In the listing below, find the line containing "Voir la diapositive" and the line containing "CLEVERDEV (CLEVERDEV) (CD)". Repeat exactly those two lines and every line between them.

■ DATASET
★ ★ ★

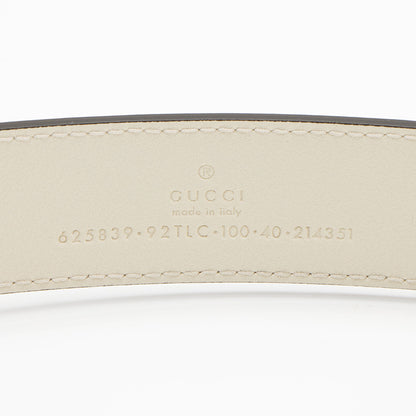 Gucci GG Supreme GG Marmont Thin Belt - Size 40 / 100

★ ★ ★

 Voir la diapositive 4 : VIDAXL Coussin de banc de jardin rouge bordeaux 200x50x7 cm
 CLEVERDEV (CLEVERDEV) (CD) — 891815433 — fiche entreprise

★ ★ ★

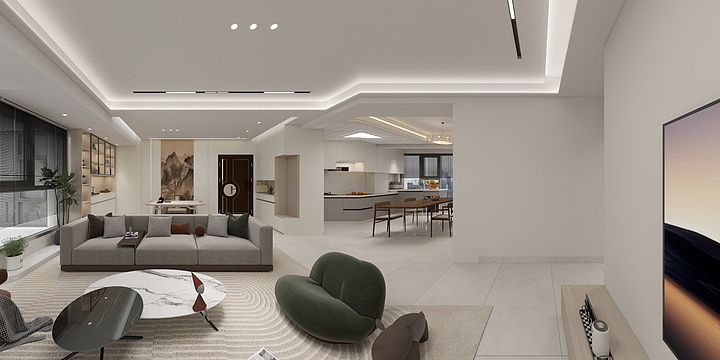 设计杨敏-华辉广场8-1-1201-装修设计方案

★ ★ ★

■ RESULT OF THIS EXERCISE
 Voir la diapositive 4 : VIDAXL Coussin de banc de jardin rouge bordeaux 200x50x7 cm
 CLEVERDEV (CLEVERDEV) (CD) — 891815433 — fiche entreprise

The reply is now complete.